This is why it is, in fact, much easier to control all those other noxious weeds, because they are broadleaf plants and the herbicides that kill them don't harm the grasses.
Cheatgrass is extremely aggressive, outcompeting other plants because it is often the first to come up in spring. How aggressive? Would you believe it can produce up to 10,000 plants per square yard? A single plant can generate 1,000 seeds, and these seeds have wedged awns that can puncture the skin in animals' mouths if they eat the plant. The seeds also work their way under the skin of other animals, like our dogs, and lurk for months until they rupture into an abscess.
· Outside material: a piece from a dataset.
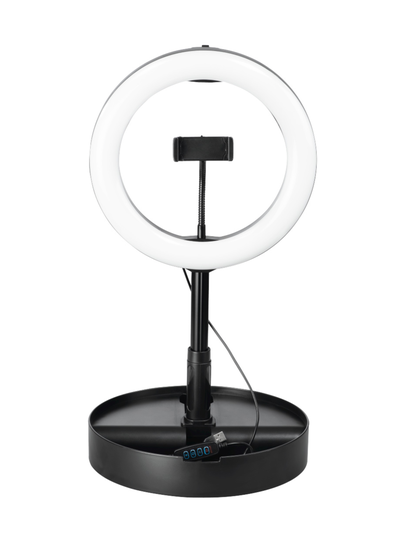 Hama spotlight foldup 102 ring light -rengasvalo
Once cheatgrass goes to seed, the dried, dead plants form a mat that is incredibly flammable and greatly increases the fire danger. Here is what a mound of cheatgrass -- the taller, lighter plants in the middle -- looks like on our property:
Because cheatgrass looks very much like a grass, many landowners don't even realize what they've got, and thus don't do anything about it. It is possible for livestock like cattle to graze this plant very early in the spring, before it goes to seed and becomes harmful to their mouths, but it's tricky timing the grazing ... and if other grasses are available, the animals will often prefer those anyway. You can disk it up (plowing, in effect) early in the year, but you end up disking up all your other grasses, too. Hand-pulling, given the number of acres we have and human resources required, isn't really feasible.
The best control strategy is spraying in the fall, before the cheatgrass germination cycle. That's what our weed expert, Jeff Campbell of Blackfoot Weed Control, is doing in the photo at the top of this post. Jeff started spraying for cheatgrass today, and it will probably take him three days to find all the pockets of cheatgrass scattered across the ranch. (Margaret says, "This is a job for man, not goat.") He is using a one-two punch for a treatment: a mixture of Roundup for the living cheatgrass and the herbicide, Plateau, for the pre-emergent seeds. In the spring we will then disk up these areas and plant new pasture grasses.
Although we didn't even have a cheatgrass problem on the ranch until last year, you can see this stuff everywhere now in our part of Montana. It's expensive and time-consuming to control, but we're going to do all we can to get rid of it from our own 160 acres.